Penulis melakukan penelitian ini dengan membandingkan novel dan film secara tematis, dan kemudian melihat pesan ideologis novel dan film yang muncul dari perbedaan tematis tersebut. Novel A Clockwork Orange secara tematis menunjukkan bahwa kekerasan merupakan sebuah bagian dari fase proses pendewasaan seseorang. Hal ini dapat dilihat dengan menganalisa tiga hal dalam novel.
Pertama, penokohan karakter utama Alex yang menunjukkan bahwa Alex adalah seorang remaja pemberontak.
Kedua, setting pada novel yang menunjukkan keadaan distopia sebagai latar belakang pendukung kekerasan yang dilakukan Alex.
Dan ketiga, plot novel yang memiliki struktur yang dapat diinterpretasi sebagai simbol pendewasaan seseorang.

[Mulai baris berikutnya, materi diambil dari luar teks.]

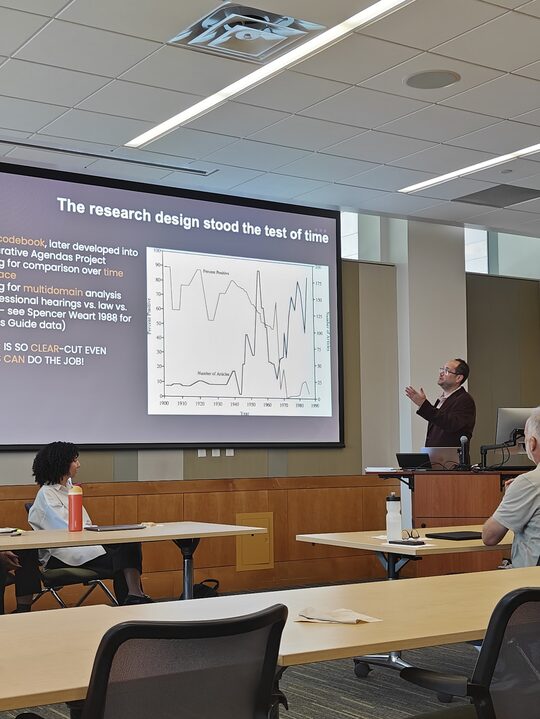 Miklós Sebők on AI in comparative politics at the Bryan D. Jones conference in Austin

Analisis tersebut menghasilkan kesimpulan bahwa kekerasan dalam novel A Clockwork Orange dilihat sebagai sebuah bagian fase pendewasaan seorang remaja pemberontak seperti Alex. Hal tersebut menunjukkan posisi ideologis novel bahwa kekerasan dikritisi sebagai suatu hal yang satir; dimana kekerasan merupakan bagian dari kehidupan manusia yang dapat merugikan banyak orang namun keberadaannya tidak dapat hilang dari kehidupan manusia. Film A Clockwork Orange menginterpretasikan novelnya secara visual dengan gaya sutradara Stanley Kubrick. A Clockwork Orange kemudian mengalami stilisasi atau _gaya_ sesuai dengan interpretasi visual Kubrick. Kubrick memilih A Clockwork Orange versi terbitan Amerika Serikat dimana versi tersebut tidak menyertakan bab terakhir dalam novel. Ini mengakibatkan pergeseran makna tematis dan posisi ideologis. Hal ini dapat dilihat dengan menganalisis penokohan Alex, setting, plot dan musik dalam film yang membentuk pemaknaan baru secara visual.

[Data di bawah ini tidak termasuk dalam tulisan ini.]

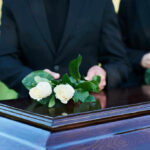 Protest Chaos Erupts—Kash Patel Funeral Interrupted! People placing white roses on a casket.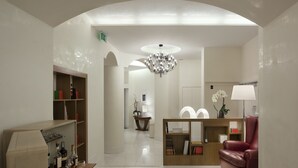 Un moderno vestíbulo de hotel con una araña, un sillón de cuero rojo, un mostrador de recepción de madera y una estantería con diversos objetos.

Film A Clockwork Orange menunjukkan bahwa kekerasan dilihat sebagai bagian dari kehendak bebas manusia yang dirayakan. Secara tematis, kekerasan tidak lagi dilihat sebagai bagian dari proses pendewasaan, namun bagian dari kebebasan manusia. Adanya terjemahan visual ke dalam film dari apa yang ditulis dalam novel memberikan pemaknaan yang berbeda, yaitu kekerasan sebagai bagian dari kehendak bebas tersebut. Hal ini kemudian menunjukkan posisi ideologis film yang berbeda dengan novel, yaitu sebagai sebuah perayaan terhadap kebebasan.

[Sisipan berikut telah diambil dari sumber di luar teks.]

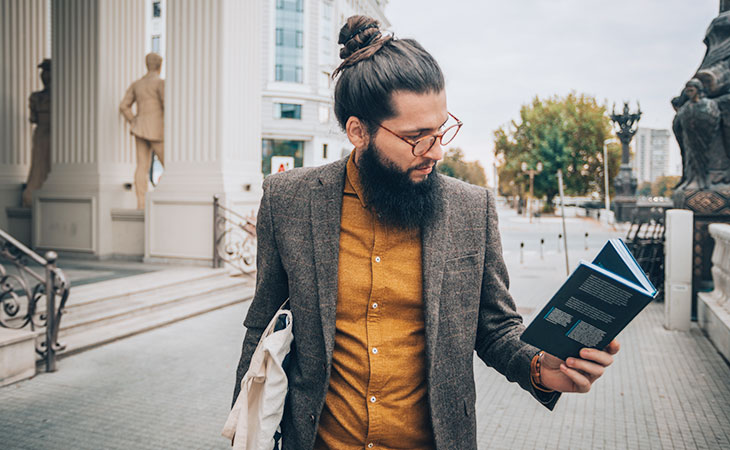 man in the street walking with a book
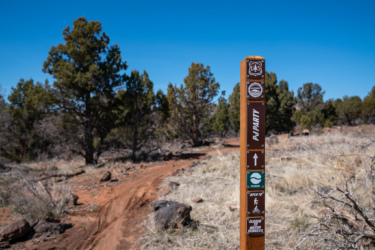 Wooden trail marker indicating the "PJ Party" trail, with symbols for bike access, difficulty level as "easiest," and a sign stating "closed to motor vehicles." Surrounding landscape features sparse vegetation and blue sky in the background, with a dirt path leading into the distance.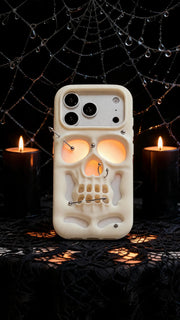 Buu Evil:Gothic punk skull studded iPhone case surrounded by candles and spiderwebs, showcasing its unique hollow skull design.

Kesimpulan akhir dari penelitian ini menunjukkan bahwa novel dan film A Clockwork Orange memiliki pemahaman tematis dan posisi ideologis yang berbeda. Dalam novel, kekerasan dilihat sebagai bagian pendewasaan dan memiliki posisi ideologis dimana kekerasan dilihat sebagai sebuah satir kehidupan. Sementara dalam film, secara tematis kekerasan dilihat sebagai bagian dari kehendak bebas manusia, dan secara ideologis memperlihatkan bahwa kehendak bebas manusia merupakan suatu hal yang keberadaannya dirayakan. Hal ini menunjukkan bahwa dalam proses adaptasi, novel dan film berhubungan sebagai karya sumber dan interpretasinya, namun secara tematis dan ideologis, novel dan film merupakan karya yang dapat berdiri secara otonom dan dapat berdiri dengan pemaknaannya masing-masing.